Draytek vs Netgear Orbi for Mesh Wifi

Thu, Jan 27, 2022 9-minute read

This post has been in draft for some time and to be honest it’s been long enough now that I don’t know exactly what I had planned to write.

SO WHY WRITE IT? I hear you mumble. Well, that’s a good question, but it’s not how my OCD allows me to operate. There was a reason.

So for now, though, until my memory sorts itself out, I’ll just explore the topic a little, and maybe update it again in the future.

Home wifi

The vast majority of home internet and Wifi solutions are solved by whatever box your ISP gives you. It’s usually pretty shit, but just about OK enough to manage a feeble dribble of internet access to the people who need it.

In my case, that’s not good enough. I run a SoHo style network at home which means I use a variety of gear that needs to be better than your average ISP issued box of poo. I’ve got switches, NAS, Raspberry Pis, network-attached printers, multiple computers, etc.

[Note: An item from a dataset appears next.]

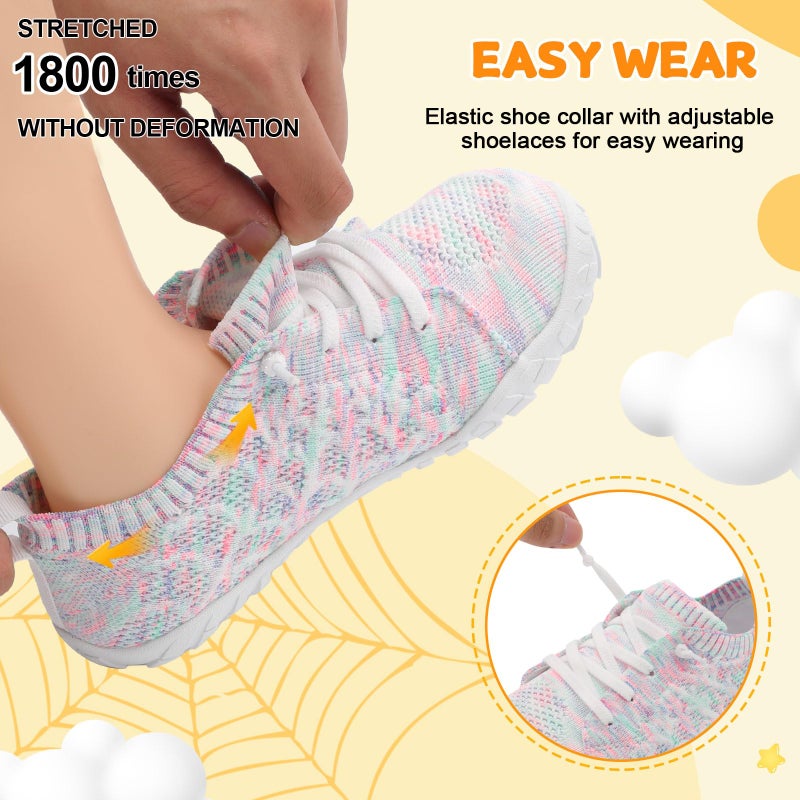JOINFREE Kids Barefoot Shoes Girls Wide Slip On Shoes Big Kids Breathable Anti-Slip Hiking Sneakers Zero Drop Toddler Walking Climbing Shoe Indoor Outdoor Size 13 - Image 4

That’s a long-winded way of saying I use slightly less consumer-focused computer gear than most. And to that end I have been a long-time user of Draytek modems. They are enterprise-grade, British-made routing products. I’ve used a mixture of these from ADSL, through to VDSL as well as 4G-enabled variants and you can typically choose whether they have Wifi on-board or not. I’ve experimented with both, but around 5 years ago I adopted the Netgear Orbi mesh system when it was released. This meant the Draytek became only the router, DHCP server and so on, with the Orbi dishing out only the wireless component of the network.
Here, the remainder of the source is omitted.